Instead, the Knicks opted to draft injury-prone French center Frederic Weis. The selection sparked immediate outrage among the Knicks fan base. New Yorkers studied Artest closely during his high school days at La Salle Academy and celebrated his rise to prominence on the Big East scene with the late-90s Johnnies.
It made too much sense, yet the Knicks passed on Artest -- who fell conveniently to the Chicago Bulls one pick later at No. 16. His tenacious, tough-defending style would have fit right in with Jeff Van Gundy's hard-nosed group that was coming off an appearance in the 1999 NBA Finals.
Weis never made it across the pond and recurring back injuries forced him to retire from basketball in 2011. A mere mention of his name still sends shivers up the backs of Knicks diehards.
It wasn't detested former general manager Scott Layden who chose Weis over Artest. The culprit was Ed Tapscott, who served as interim Knicks GM following the team's rash decision to fire highly-successful executive Ernie Grunfeld after the Knicks slumped to 21-21 during the lockout-shortened 1998-99 season.
The lasting image of the blundered selection of Weis was what the French media dubbed as "Le Dunk de la Mort," otherwise known in English as "The Dunk of Death." Vince Carter's thunderous posterizing of Weis at the 2000 Sydney Olympics added further insult to the Knicks' abhorrent and inexplicable draft choice.
REFORMED ARTEST READY TO FILL MUCH-NEEDED ROLE AS KNICKS' INTENSE DEFENDER
At 33, a reformed Artest is now famously known as Metta World Peace. He's far-removed from the wild child who admittedly drank Hennessy cognac at halftime as a rookie and applied to Circuit City to receive employee discounts and later was reviled by basketball fans nationwide for his role in giving the NBA a black eye during "The Malice at the Palace" in 2004.
World Peace has joined the Knicks on a two-year deal worth $3.2 million, according to Yahoo Sports. The second year of the contract is a player option.
He's still enigmatic, he's still eccentric. But he's no longer a hard-drinker playing the bad-guy role.
"I'm very excited. I don't really drink that much, so I don't know how I'll celebrate it. Maybe with some water," he joked while being interviewed during the Knicks' Summer League broadcast.
What hasn't changed is the warrior's mentality that he brings to the hardwood. World Peace's renowned tenacity is exactly what the Knicks needed to add to their defensively-inept roster.
The Knicks ranked tied for 25th overall in total rebounds per game, tied for 11th in steals per game and finished dead-last in blocks per game in 2012-13.
"The team is amazing, the players. I'm excited to play and hustle," World Peace said at the NBA's Summer League in Las Vegas.
At 33, he still has a lot of life left in his legs and is coming off a rejuvenated final season with the Los Angeles Lakers.
World Peace averaged 12.4 points, 5.0 rebounds, 1.6 steals and 0.6 blocks per game in 75 games for the Lakers last season.

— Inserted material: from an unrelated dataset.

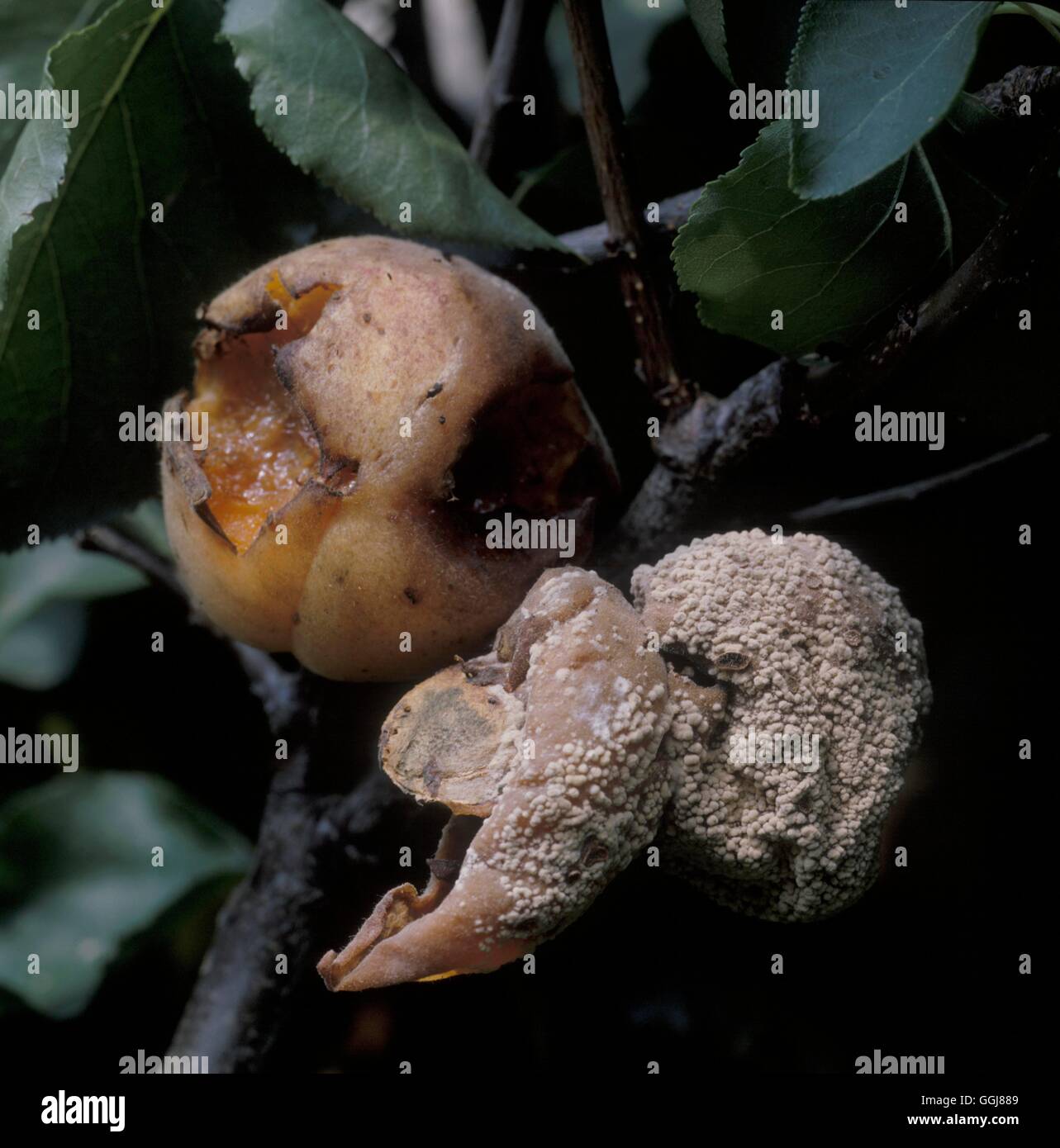 Marciume bruno per le albicocche (Sclerotinia fructigena) Data: 4.07.08 DIS067302 Foto di Orticoltura/Pho Foto Stock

It's been a long wait for World Peace to finally get his chance to suit up for the Knicks. The Queensbridge native's homecoming will certainly add a lot of excitement and buzz to Madison Square Garden.
I'm willing to bet that World Peace will become an immediate Garden favorite and knowledgeable Knicks fans will appreciate his old-school hustle and desire.